Work/Airbus

A pilot in the cockpit using a tablet airport moving map while taxiing, the tool this project shaped

An app to make aircraft taxiing safer

Designing a cockpit-integrated airport moving map and its touch interactions to make aircraft taxiing safer and clearances faster to enter.

Client
Airbus
Completed
2014
Role
Junior UX Designer
Interaction DesignPrototyping

Taxiing is one of the riskiest phases on the ground. Runway incursions, where an aircraft enters a runway or taxiway it has not been cleared for, and disorientation in low visibility are among aviation’s most serious ground-safety concerns. A pilot receives a rapid taxi clearance over the radio, holds it in their head, and translates it onto a chart while the aircraft is already moving. I joined an Airbus Research and Technology team building a cockpit moving-map tool to make that safer and faster.
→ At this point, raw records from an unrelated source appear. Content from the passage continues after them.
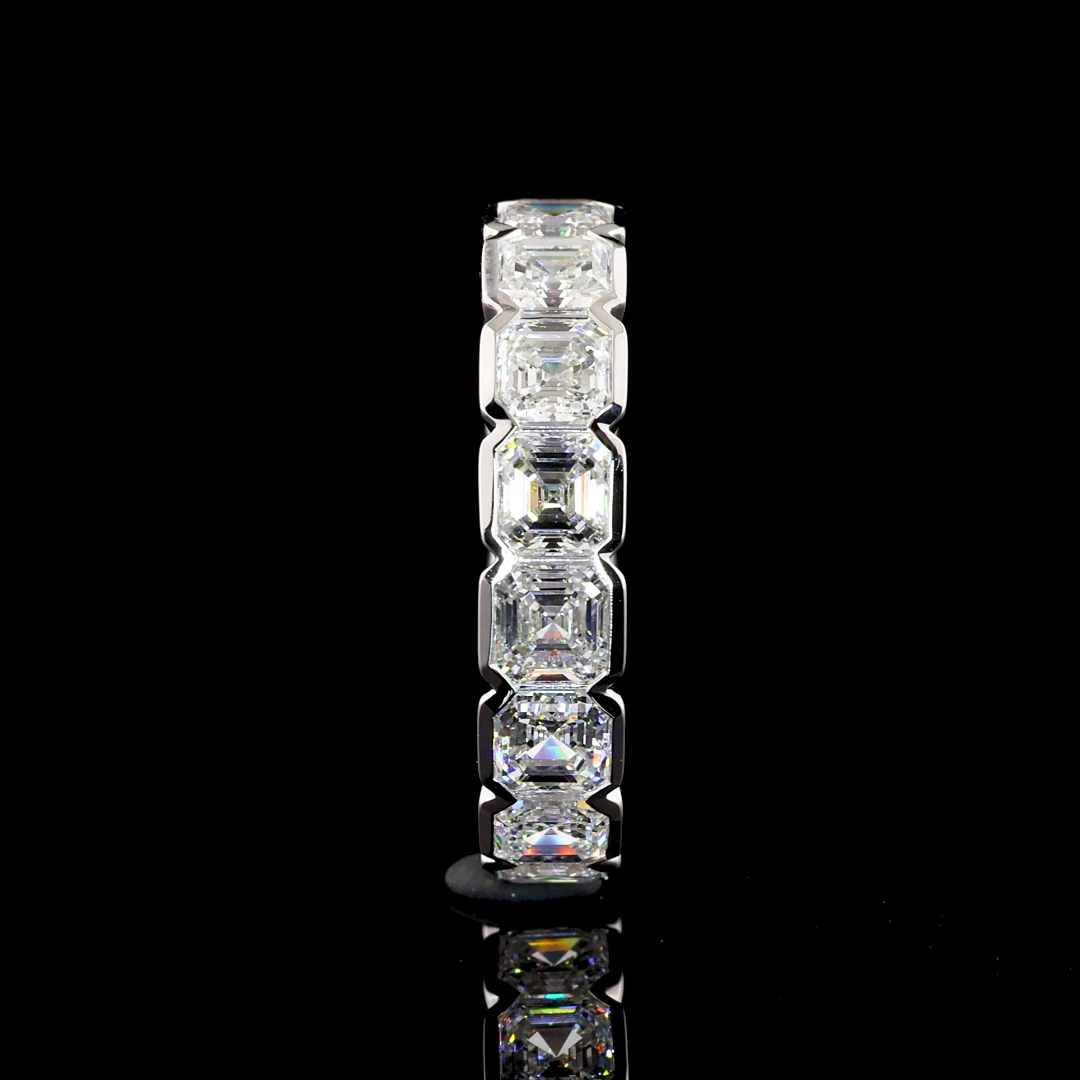 4.72 CTTW Asscher Lab Diamond Full Eternity Sz. 6 14k White Gold F Color and VVS2 Clarity jewelry-spot-usa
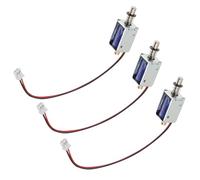 GAROZATION Électroaimant Solénoïde Linéaire 12 V Lot de 3 Mini Push-Pull Cadre Ouvert pour Équipements de Transport et Bureaux
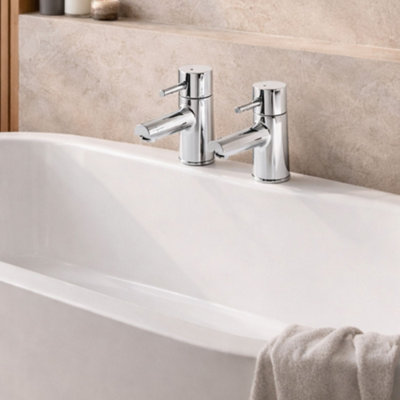 Home Range Flint Chrome Basin Tap PairTraditional Pillar Design With Solid Brass Build from B&Q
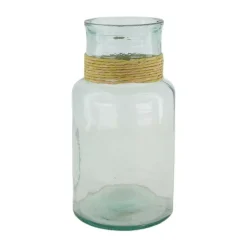 Vase en verre recyclé vert transparent et raphia - Ø 15 x 28 cm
I was the only designer on the project. The role was framed internally as UI, because UX as a discipline was still unfamiliar in an engineering and human-factors culture. An early engineering proof of concept already existed, and I built the interface on top of it, with design decisions running through me, while still early in my career. Part of the work was making the case for research in a room that did not yet have the concept.

An airliner taxiing across painted ground markings, the high-risk phase the moving map set out to make safer
Pilots in a cockpit simulator, one holding paper notes, the workaround the design watched and learned from
A 3D airport render with marked hotspots, visualising runway-incursion risk points across the airfield

Shadowing controllers and observing pilots in simulator training, I noticed that everyone improvised. Pilots scribbled clearances onto whatever scrap of paper was within reach, or onto the chart itself, while listening. So I designed a scratchpad, a notepad-style popup they could write on directly with a finger. Alongside it, I designed the route input itself: tap a taxiway to select it, or drag across the map to draw the cleared path like a highlighter. Status colours followed the avionics convention pilots already trusted, separating what they had entered from what the system supplied.

Controllers in a tower overlooking the runway, part of the ground operations shadowed during research
The team photographing paper interface pieces on a table, capturing low-fidelity prototypes for testing
A paper prototype of the map app on a tablet over printed airport charts, mid build of the interface
Hands entering a taxi clearance on the prototype, the map showing the highlighted cleared route and keypad
The shipped product in the cockpit: the finished moving map on a tablet with a taxi route drawn in

The concept was validated and evolved after I left, shipping to market as NAVBLUE Airport+. The touch-interaction sequences I designed are the ones illustrated in Airbus’s taxiing-path patent.

The lesson stuck: design from what people do, not what they say they need. The scratchpad came from watching a workaround nobody had thought to mention, and I have hunted for that signal ever since.